Add to the projects I'm following or the projects I'm involved in (as shown below)
Note: Those marked with participation are projects with permissions on the corresponding platform and can be added to the list of projects I'm involved in. Otherwise, they can be added to the watchlist.
You can see the applications I'm involved in and the applications I'm following in the Application Center.
For each project card, you can see statistics of alarms, call anomalies, slow queries, etc., for each project (click for details; later tutorials will explain the details page).
Within the dashboard, the main sections are divided into basic monitoring charts and custom charts. Basic monitoring includes application health charts, business metrics charts, middleware charts, JVM charts, and so on.
After selecting your application (with further options to choose the environment, IP, and time range), you can view three graphs: availability, instance list, and call volume.

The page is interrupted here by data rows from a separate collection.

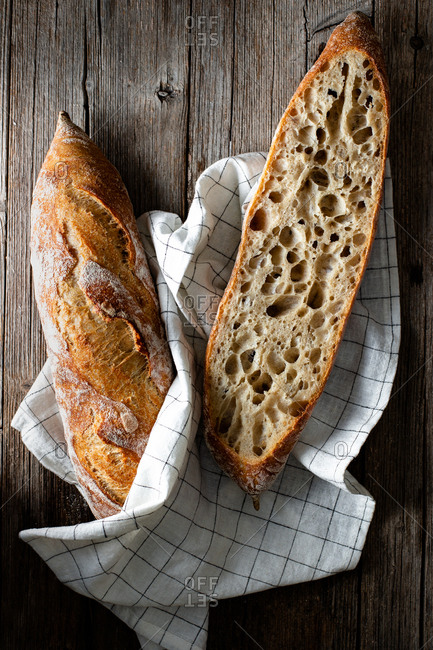 From above whole and halved appetizing baguettes arranged on white towel against rustic wooden background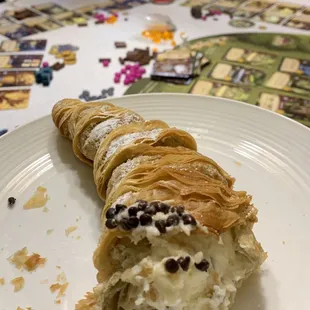 Lobster Tail (a curvy cone-shaped flakey pastry filled with Bavarian cream and ricotta cheese)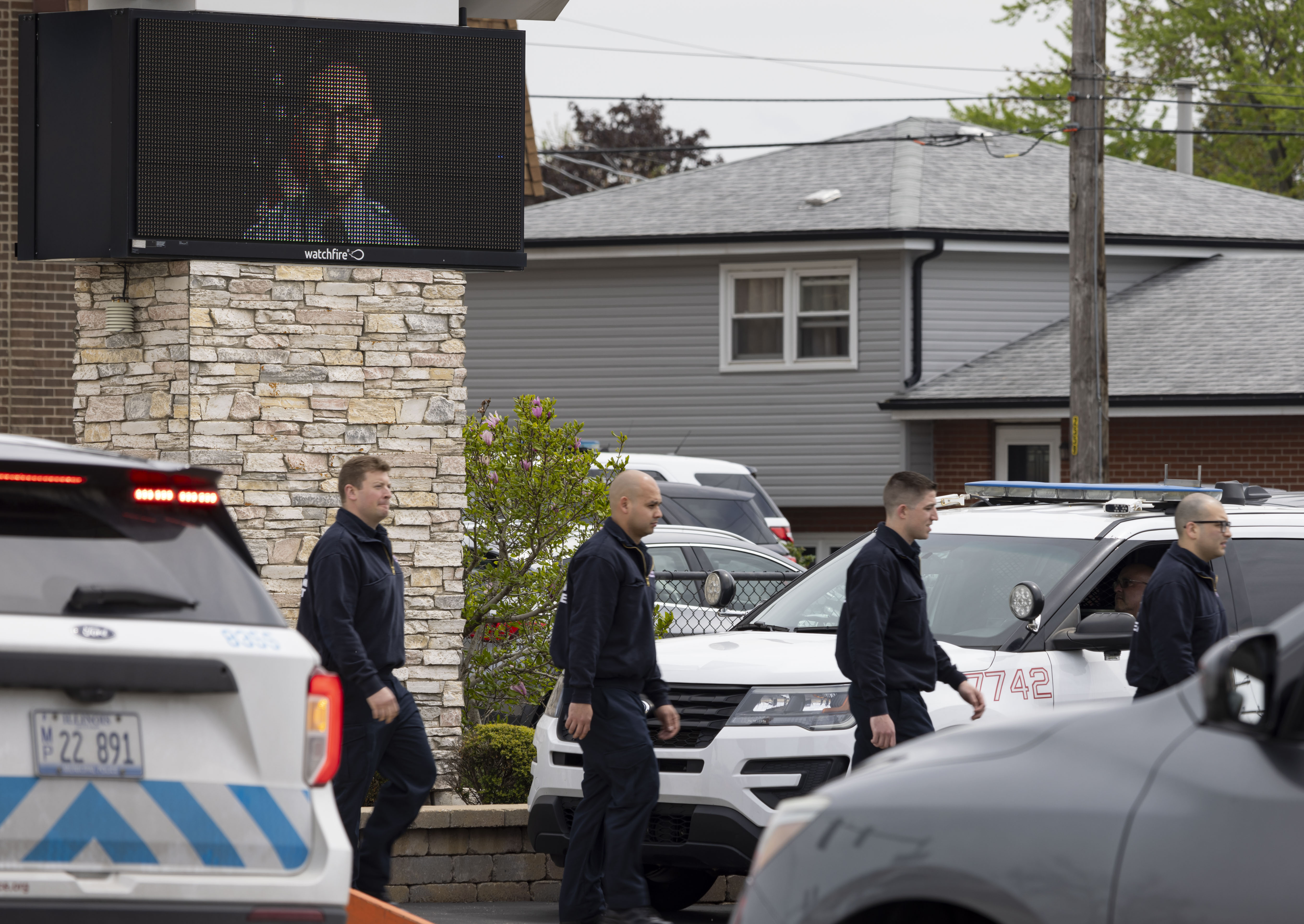 A picture of Chicago police Officer Luis M. Huesca is projected as people line up to enter his visitation, April 28, 2024, at Blake-Lamb Funeral Home in Oak Lawn. Huesca, a CPD officer for six years, was returning home last week after a shift in the Calumet District when he was fatally shot. (Brian Cassella/Chicago Tribune)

The host list and container list can be used to navigate to more detailed monitoring of the physical machine and container, as shown in the figure below:
Business metrics provide charts for three types of metrics: HTTP, Dubbo, and gRPC. These charts include QPS, P99-RT, Avg-RT, and Top10-RT for both inbound and outbound metrics.
Middleware charts currently provide P99-RT, AVG-RT, TOP10-RT, and TOP10-query for both DB and Redis, as shown below:
JVM monitoring charts offer multi-dimensional metrics for user reference, as shown below:
Custom charts allow users to submit their own Prometheus data and configure their own viewing charts. Users should be familiar with PromQL and Grafana template configurations.
For a more detailed description and usage of custom charts, refer to: OzHera Custom Monitoring Documentation
Note: Overview includes HTTP call anomaly list, dubbo call anomaly list, and DB call anomaly list (example above shows HTTP).
Note: Clicking on details in the image above will navigate to a page showing basic anomaly information, call trace, and logs.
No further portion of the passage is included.